(Records from a dataset)
----
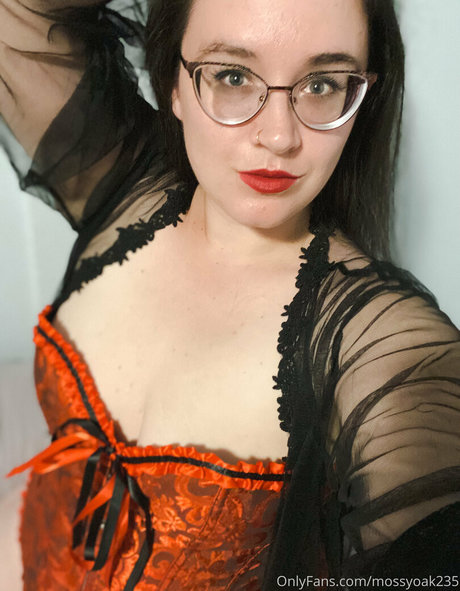 milf nude onlyfans art naked img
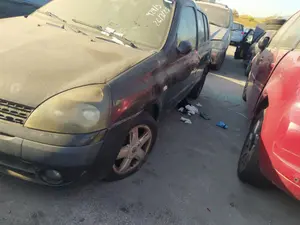 RENAULT CLIO II FASE II (B/CB0) foto 4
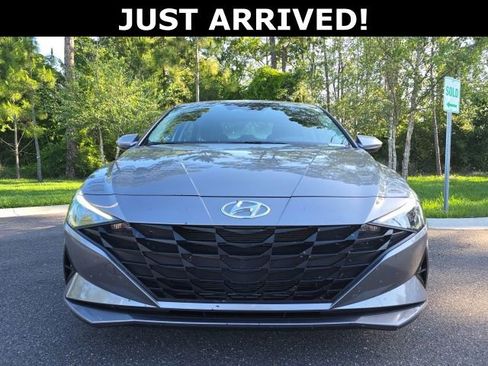 Used 2023 Hyundai Elantra SEL FWD image 2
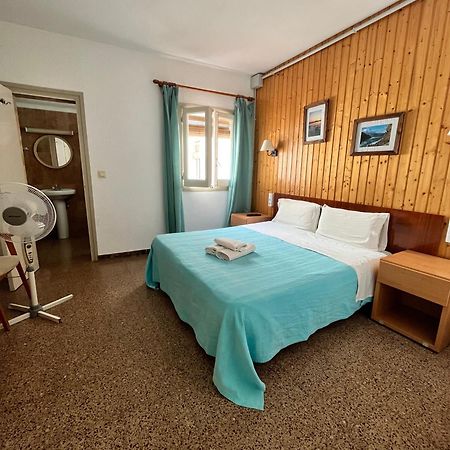 P&R Hostals Maria Rosa Тоса де Мар Екстериор снимка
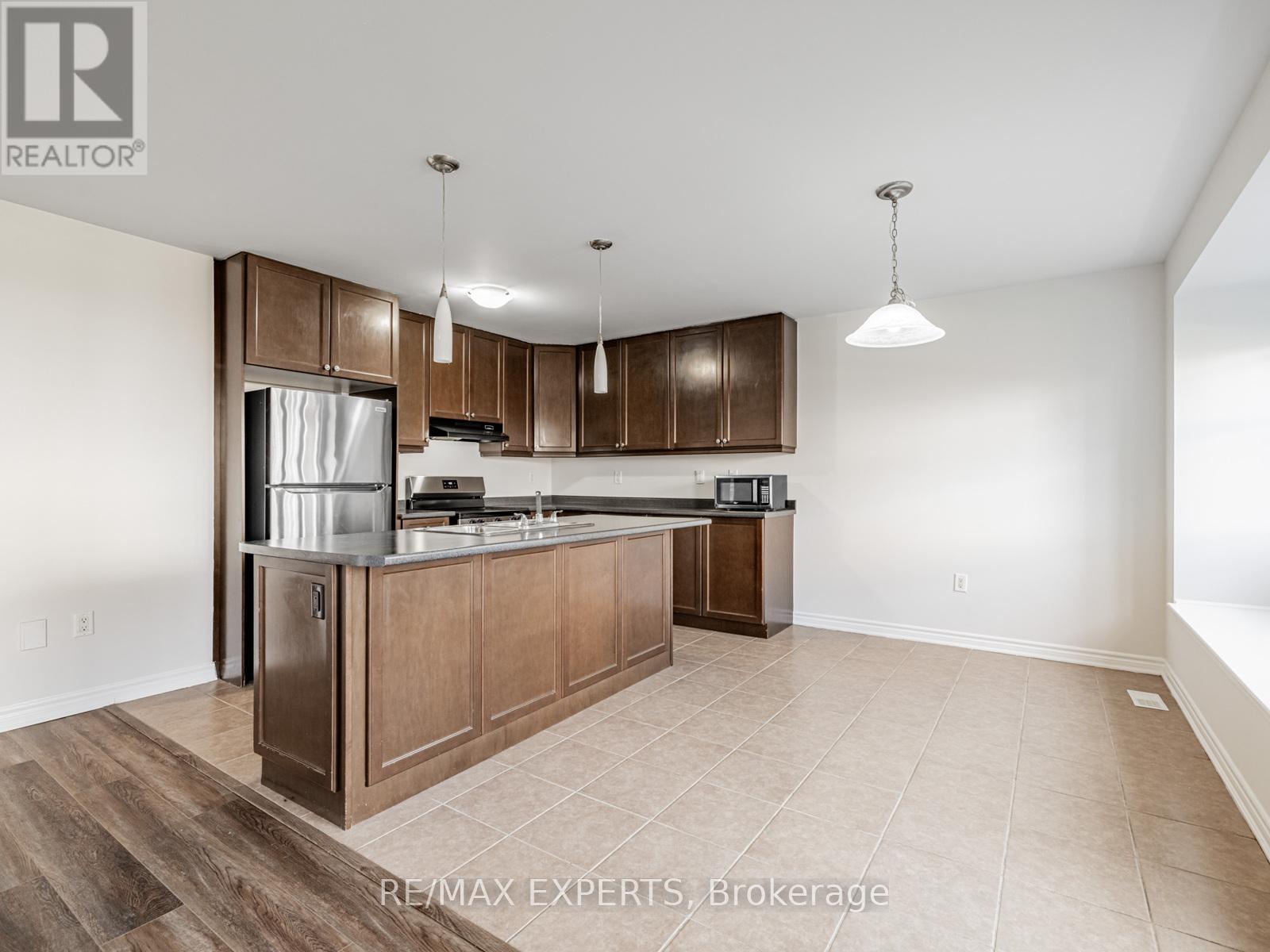 9 Mooney Trail, New Tecumseth, Ontario  L9R 0J4 - Photo 21 - N12364609
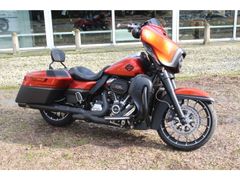 HARLEY-DAVIDSON CVO STREET GLIDE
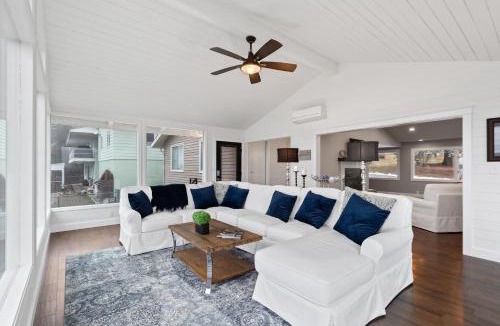 East Hope House | Lakeview Luxury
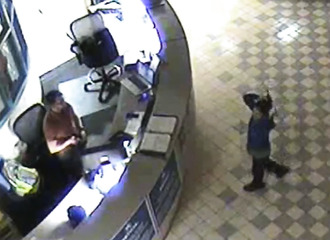 Elle débarque dans le quartier général de la police armée de deux couteaux (Texas)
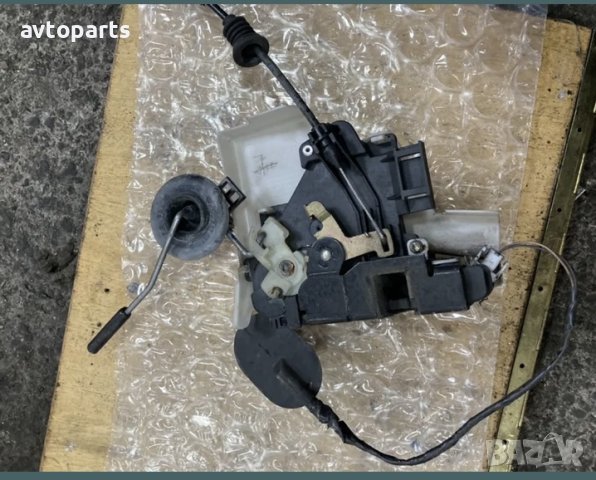 Vw Transporter T5  брава предна лява врата, снимка 3 - Части - 40756484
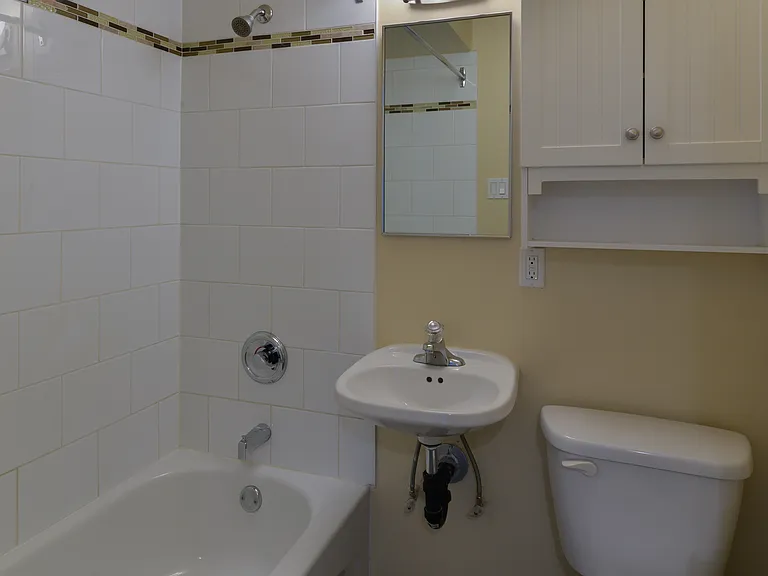 1450 Chestnut St — Photo 12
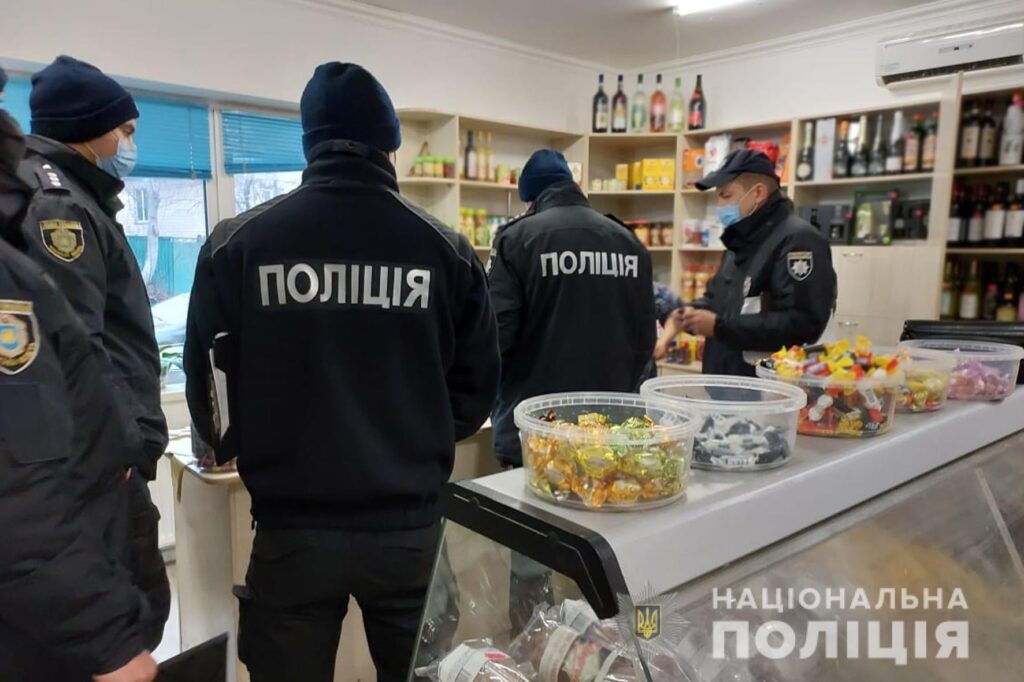 Поліцейські Болградщини викрили двох порушників у торговельній галузі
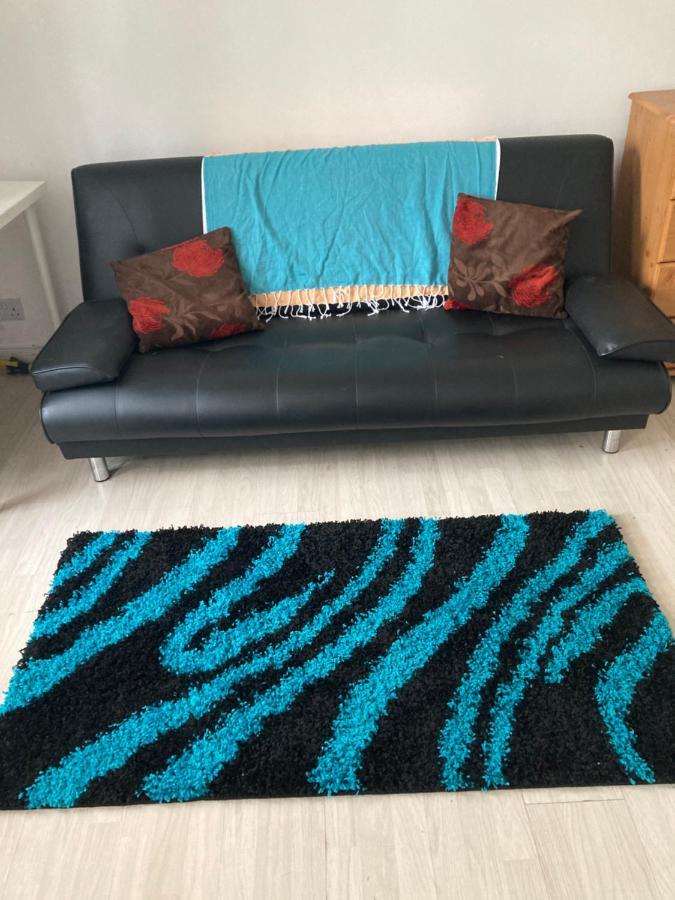 Family Room With Shared Kitchen And Bathroom In Angel Zone 1 Guest house London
----
## WORK ITEM
A picture must not appear in the copy. Transcribe exactly the lines from the one with "1450 Chestnut St — Photo 12" through the final line of the entries, both included, and no more.

## EXERCISE RESULT
 1450 Chestnut St — Photo 12
 Поліцейські Болградщини викрили двох порушників у торговельній галузі
 Family Room With Shared Kitchen And Bathroom In Angel Zone 1 Guest house London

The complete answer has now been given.